A stone is thrown vertically in the air..........???

Question

at a velocity of 16 m/s. One second later a 2nd stone is thrown up w/ the same velocity. At what time are the two stones at the same height?

I tried using y(t) = Vo*t+1/2 * a * t^2

set heights equal, therefore...

Vo* t + 1/2 * a * t^2= Vo* (t+1) + 1/2 * a * (t+1)^2

but got a negative answer, if someone could explain the right way to do this .....great.

ok i did that, but im getting the same wrong answer. just positive now. im getting 1.13. the answer should be 2.13.

and all the roots get cancelled, im only left w/ 9.8t=11.1

Answer 1

so far u r correct........now u just forgot 2 add 1 sec.....rememba u have to find the total time......1.13 is the time required for 2nd stone to travel.......so just add 1 to get d ans.

Answer 2

Remember that the way you have it set up the acceleration of gravity is a negative number. I am not sure you took this into account, but this could be the reason for your negative result. Also you should have two answers as this will lead to a quadratic, try the other root and see if you get a positive result.

Answer 3

what a bout this, try this.

try to imagine graph plotted in velocity-time.

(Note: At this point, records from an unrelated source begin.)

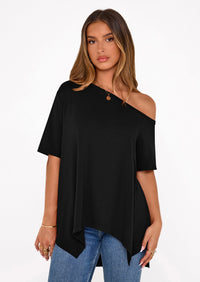 PRETTYGARDEN Off The Shoulder Tops for Women Summer Short Sleeve Asymmetrical Oversized Tee Shirts Casual Spring Clothes PRETTYGARDEN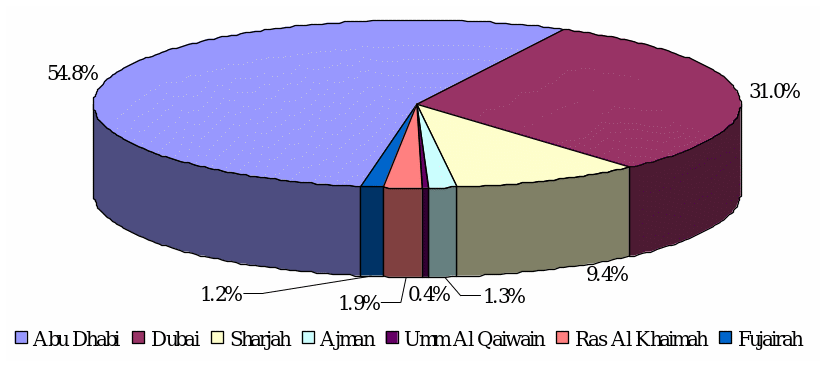 GDP contribution by Dubai in 2007.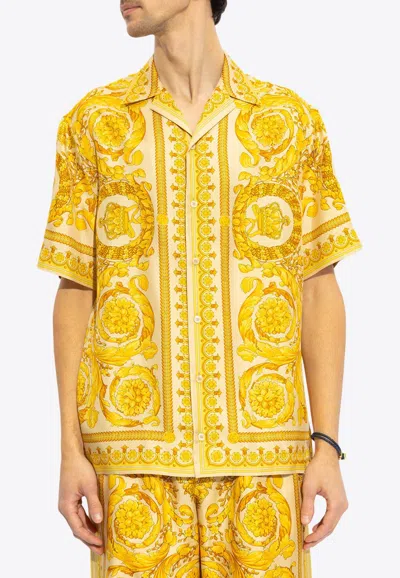 Versace Barocco Print Silk Shirt In Yellow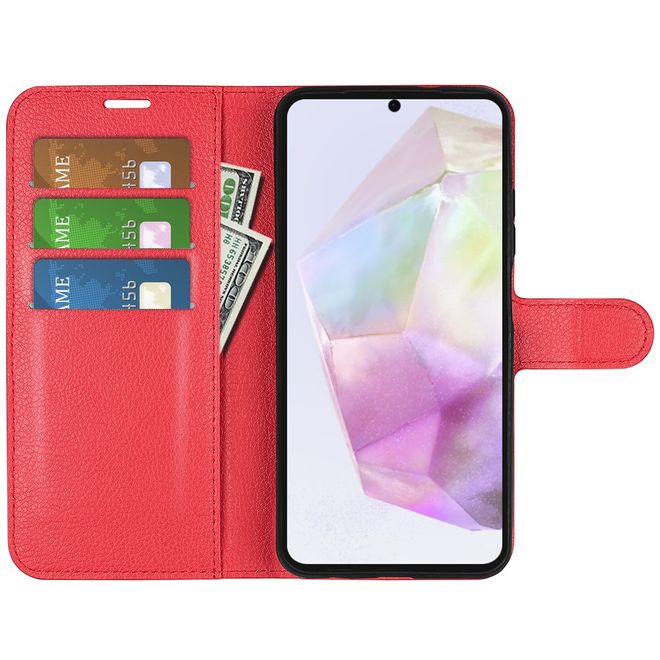 Samsung Galaxy A36 5G Handy Hülle - Litchi Leder Bookcover Series - rot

for the 1st stone, v. (v with 1 dot) is 16m/s when the time is 0.
hence, (16,0)
gradient = -9.8m/s^2

you will get, (V.-16)= -9.8 (t-0)
simplify it you'll get an equation for v.

v.= -9.8t+16

for second stone, use v.. (v with two dots)
it has velocity 16 when time = 1s, hence
gradient = -9.8, (16,1)

then, you'll get v..= -9.8t+25.8

integrate v you'll get displacement. Hence,
integrate v. = s. = -4.9t^2 + 16t + c
when t = 0, s=0
hence, s.= -4.9t^2 + 16t

also, integrating v.. , you'll get s.. = -4.9t^2 +25.8t +c
when t = 1, s = 0
hence, c = -20.9
s.. = -4.9t^2 +25.8t - 20.9

they meet when s. = s..
-4.9t^2 + 16t = -4.9t^2 +25.8t - 20.9
hence, t = 2.13.... second

hope you'll appreciate.

Answer 4

They can't be together at the same height at any time.